GIVEN INFORMATION =
-- Opening Marker --

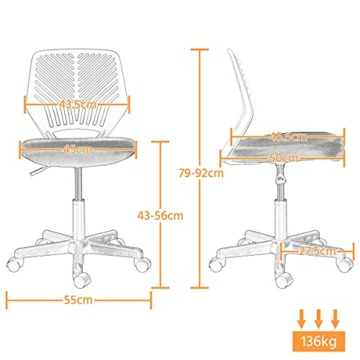 Yaheetech Bürostuhl Ergonomisch Schreibtischstuhl ohne Armlehnen Drehstuhl mit Rücklehne Arbeitsstuhl höhenverstellbar 136 kg belastbar Türkis - 3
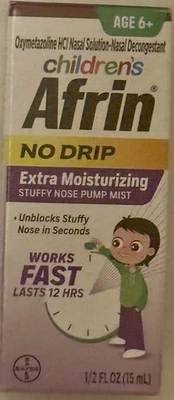 Afrin Extra Moisturizing Nasal Spray for Kids Age 6+ Cold Allergy Relief 0.5oz - Image 1 of 4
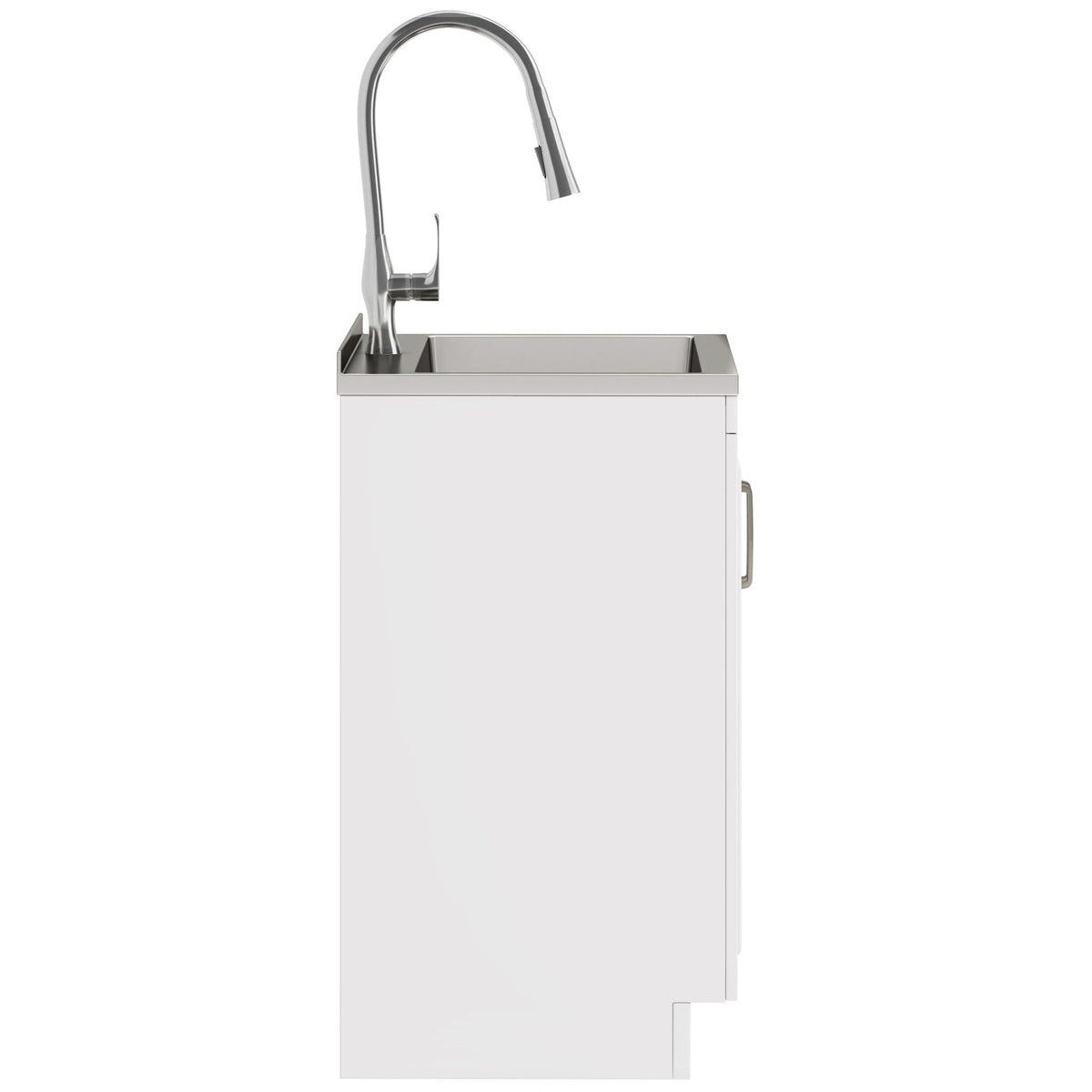 Deluxe laundry cabinet with stainless steel sink and high-arc faucet by HouseOfZazla on Tampa Home & Garden Store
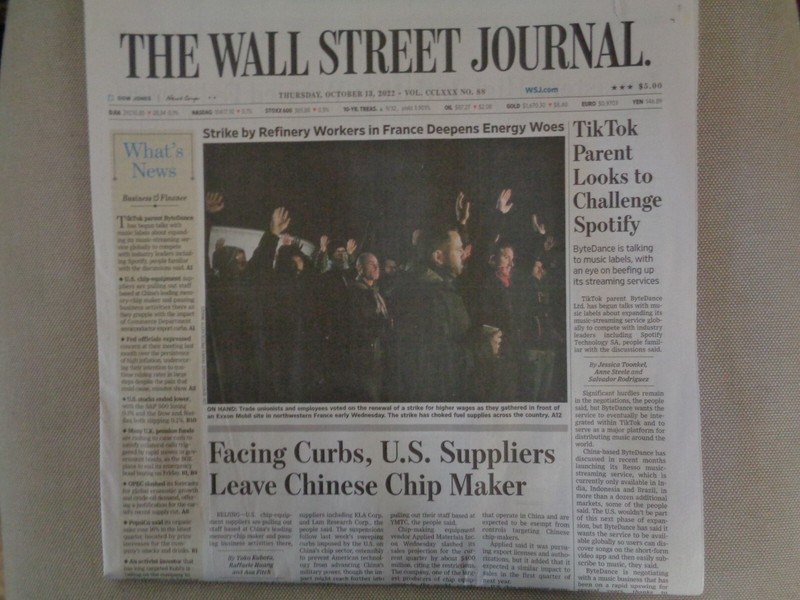The Wall Street Journal newspapers from 10-13-2022 to 4-14-2023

-- Closing Marker --

WORK TASK =
Please retype the listing above word for word, skipping each picture.

ANSWER TO THIS TASK =
 Yaheetech Bürostuhl Ergonomisch Schreibtischstuhl ohne Armlehnen Drehstuhl mit Rücklehne Arbeitsstuhl höhenverstellbar 136 kg belastbar Türkis - 3
 Afrin Extra Moisturizing Nasal Spray for Kids Age 6+ Cold Allergy Relief 0.5oz - Image 1 of 4
 Deluxe laundry cabinet with stainless steel sink and high-arc faucet by HouseOfZazla on Tampa Home & Garden Store
The Wall Street Journal newspapers from 10-13-2022 to 4-14-2023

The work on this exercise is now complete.